The structure of Animals is more straightforward than her innovative debut, Hungry, The Stars and Everything, and the pace is much faster, but even as the narrative races along it is clear that Unsworth has spent time crafting her prose. She picks over the ‘shabby tragedy’ of a run-down hotel, ‘its background fizzling bleakness’. A seduction becomes ‘an autopsy with cutlery’. Anyone who knows Manchester will appreciate descriptions of ‘the monstrous blade-phallus of the Hilton Tower’, or the space around Victoria Station, ‘sullen with redundancy… the Green Quarter where To Let signs prickled the front lawns of artless tower blocks’.
Events become increasingly surreal as the novel progresses, reflecting Laura’s fraying psyche. The women find themselves getting chased out of an underground Spanish speakeasy after their friend insults a dwarf; at some point Laura’s work not-in-progress Bacon becomes Killing the Changes, ‘because that’s more mysterious and I want the book to be mysterious and complex even though its about the simplest thing really and that’s love’, her retreat into abstraction reflecting her difficulty in engaging with the reality of her life. A traditional narrative would have Laura hitting rock bottom before getting on to the business of redemption. The nearest Animals comes to this is a confrontation in the toilets at Manchester Town Hall, but this is more a coming of age than a cautionary tale. There is a strand of hope in Laura’s story courtesy of a subplot involving her father, who is diagnosed with cancer but finds solace in the progress of the Mars Rover.

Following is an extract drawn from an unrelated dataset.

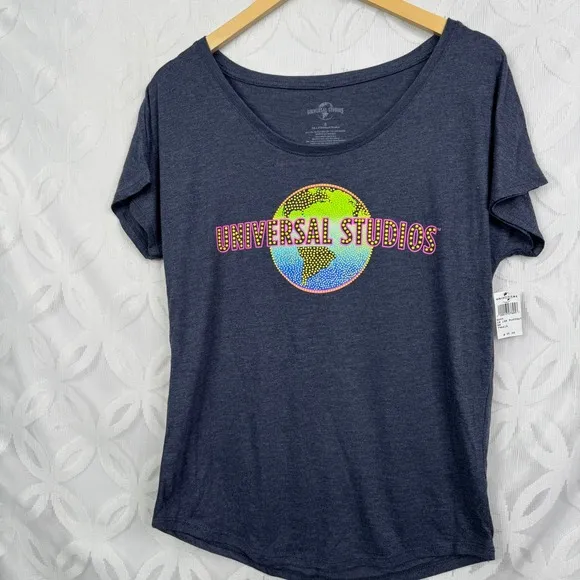 Universal Studios Puff‎ Dot Navy Short Sleeve Tee Women's Size S NWT Blue - Image 4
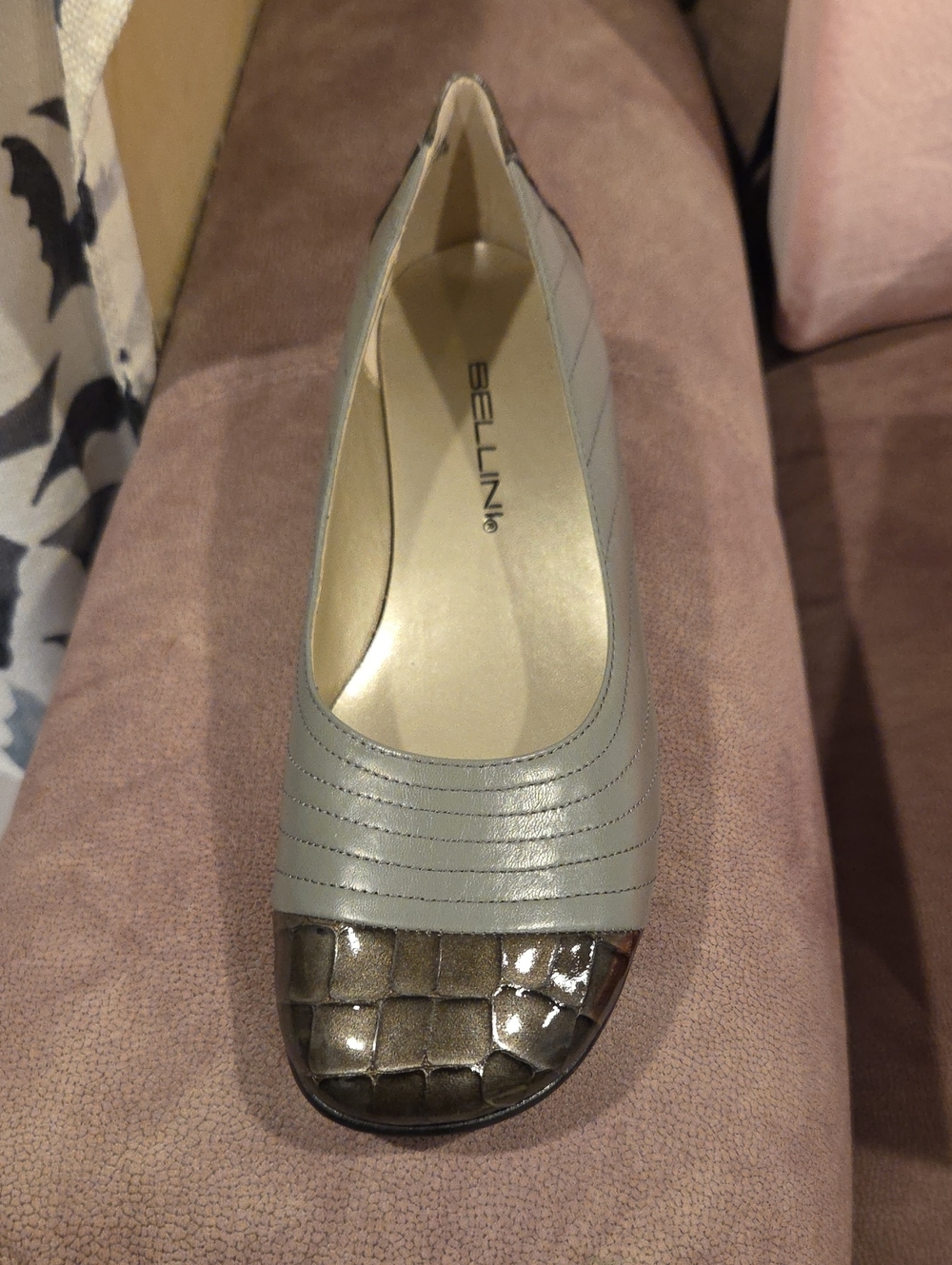 Bellini Light Gray Leather Ballet Flat with Metallic Croc Toe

Critics like Sarah Hughes in The Guardian have identified a new trend for ‘literary bad girls’, novels with female anti-heroes ‘happy to live outside society’s boundaries’, including Emma Jane Unsworth and Zoe Pilger as prime examples of the genre, along with the Guardian’s obligatory Lena Dunham mention. Partly, Hughes says that these novels are a rejection of ‘the comfortable romantic lies’ and ‘the petty stuff of domestic life’ which comprise a clichéd view of female literature (I think this is a bit of a straw woman argument – throughout the twentieth and twenty-first centuries women have been writing dark and intelligent novels - whether they have been heralded or not is a different matter).

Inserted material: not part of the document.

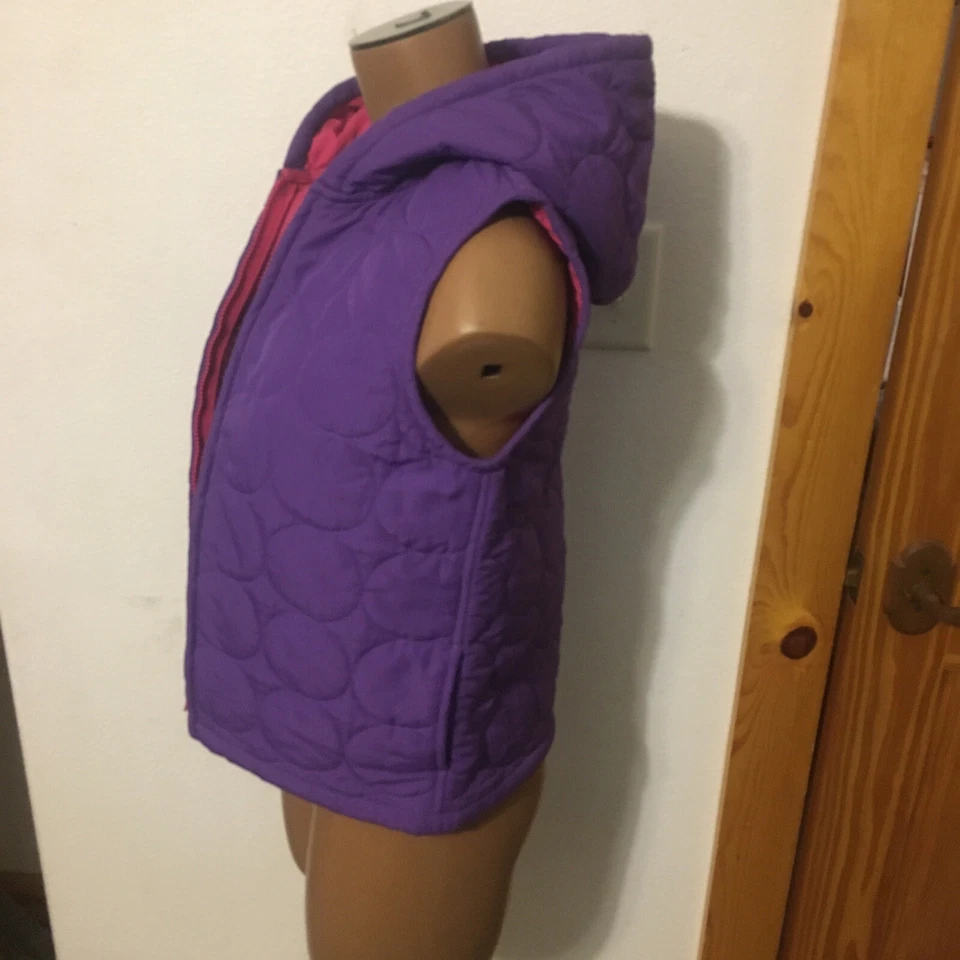 Talbots Niñas Púrpura Acolchado Chaleco Chaqueta Abrigo Talla 12 Foto 2 de 4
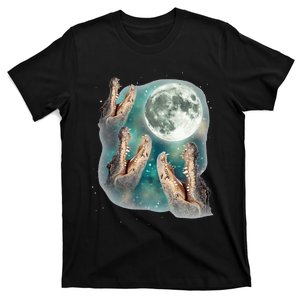 Three Gators Howl At Moon Magical Animal Wild 3 Crocodile T-Shirt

I wonder if these recent novels are influenced on some level by a shift in the relationship between power and gender in the internet age. Laurie Penny’s recent essay Cybersexism argued that while many women of her generation had found a voice through online forums, the rise of digital communication had also allowed for a renewed public scrutiny of women’s behaviour – the recent controversy over Women Who Eat on the Tube being the latest example. By creating female protagonists who break taboos and assert control over their own existences, they are rejecting the idea that they should alter their behaviour to suit pre-conceived norms.

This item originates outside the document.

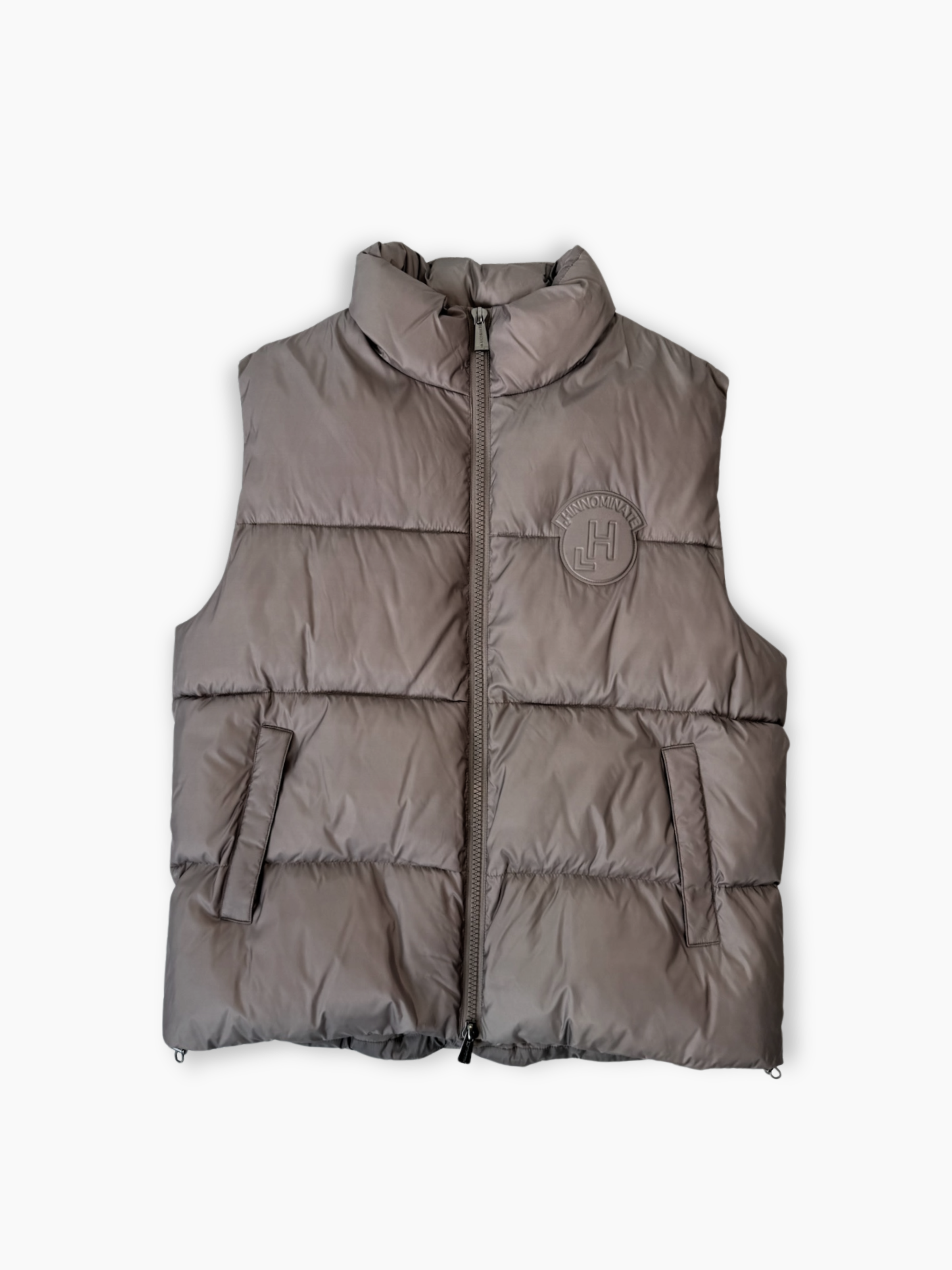 Gilet imbottito grigio Hinnominate in tessuto tecnico vista frontale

Animals recognises the difficulties of this process, but Unsworth is careful not to moralise or censure her characters. Laura’s journey is both realistic and also extremely entertaining. After all, it’s well and good to read Tao Lin detailing the minutiae of post-moral twenty-first century youth culture, and the drug and drink count in Taipei is pretty similar to that of Animals, but sometimes you need a novel to come along with this amount of outrageous energy and élan. I would caution, though, against trying a Withnail-style drinking game with this novel. You might not make it past chapter 1.